Sacro Bosco (“Sacred Grove”) is the starting point for Anna von Hausswolff’s new album All Thoughts Fly, incoming on Southern Lord on 25th September. Here in solo instrumental mode, the entire record consists of just one instrument, the pipe organ, and represents absolute liberation of the imagination. All Thoughts Fly radiates a melancholic beauty, and is distinguished by fluid transitions of contrasting elements; calmness and drama, harmony and dissonance, much like the place that inspires the music....
Sacro Bosco is a garden, based in the centre of Italy, containing grotesque mythological sculptures and buildings overgrown with vegetation, situated in a wooded valley beneath the castle of Orsini. Created during the 16th Century, Sacro Bosco was commissioned by Pier Francesco Orsini, some say to try and cope with his grief following the death of his wife Guilia Farnese, others speculate the purpose was to create art.
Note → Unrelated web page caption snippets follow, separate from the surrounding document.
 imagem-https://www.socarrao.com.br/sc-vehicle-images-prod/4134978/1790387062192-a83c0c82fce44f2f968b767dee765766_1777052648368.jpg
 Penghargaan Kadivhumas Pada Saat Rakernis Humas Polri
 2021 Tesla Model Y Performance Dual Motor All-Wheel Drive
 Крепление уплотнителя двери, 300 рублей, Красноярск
About the album Anna explains “there’s a sadness and wilderness that inspired me to write this album, also a timelessness. I believe that this park has survived not only due to its beauty but also because of the iconography, it has been liberated from predictable ideas and ideals. The people who built this park truly set their minds and imagination free. All thoughts fly is a homage to this creation, and an effort to articulate the atmosphere and the feelings that this place evokes inside of me. It’s a very personal interpretation of a place that I lack the words to describe. I’d like to believe Orsini built this monumental park out of grief for his dead wife, and in my Sacro Bosco I used this story as a core for my own inspiration: love as a foundation for creation.”
Anna summarises, “Sacro Bosco in Bomarzo is a creation carved out from one man’s head. A frozen thought lasting throughout time and touching people across generations. All thoughts fly, Ogni Pensiero Vola, is about this: the importance of sharing for surviving, creating space and evolving. Once you’ve shared your words they are not only yours anymore."
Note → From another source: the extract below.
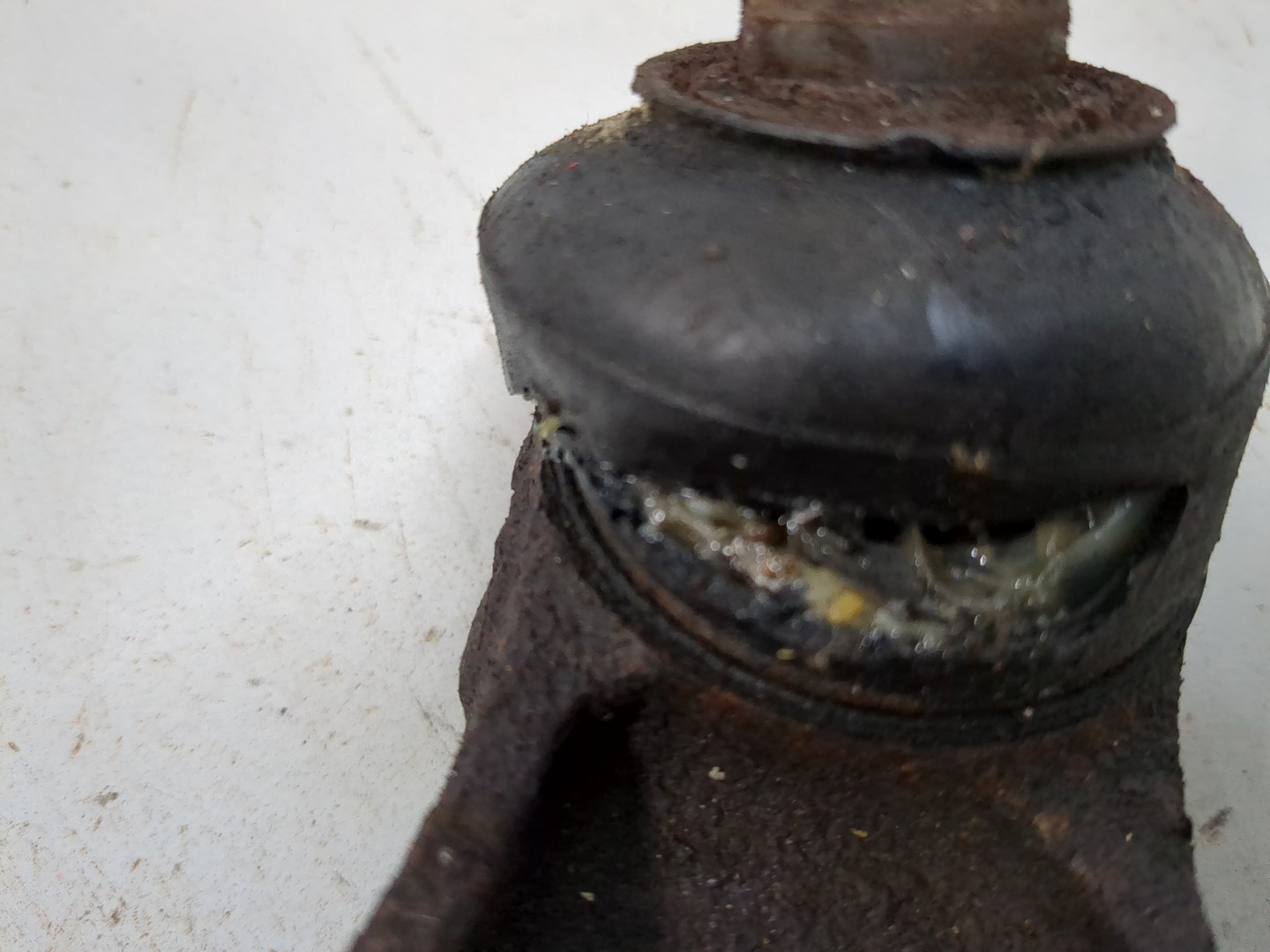 Рычаг задний правый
All Thoughts Fly ultimately embodies the exploration of any and all possibilities, and the audience is invited to listen, liberate the mind and let it wander.
Notes on the recording process:
The organ on All Thoughts Fly is situated in Gothenburg and is a Swedish replica of the Arp Schnitger organ in Germany. It is the largest organ tuned in Quarter-comma meantone temperament in the world. With it’s four manuals, one pedal and 54 stops, it was built as part of a ten-year research project reconstructing 17th Century North German organ building craft. The tuning temperament is an important detail to note here, as it deeply affects the sound and tuning, and thus radically changed the process of creating this album. Anna speaks of a pleasant surprise during recording, the organ's ability to create beautiful "pitching" notes through its stops and air supply system. She remarks “We took advantage of this so most of the pitching sounds and notes that you hear on the album comes from the mechanics of this organ, effects made entirely acoustically." The organ was recorded with two room mics for atmosphere and two pairs of close mics placed inside the organ to capture nuances and detail for further organ sound processing by Filip Leyman in his studio.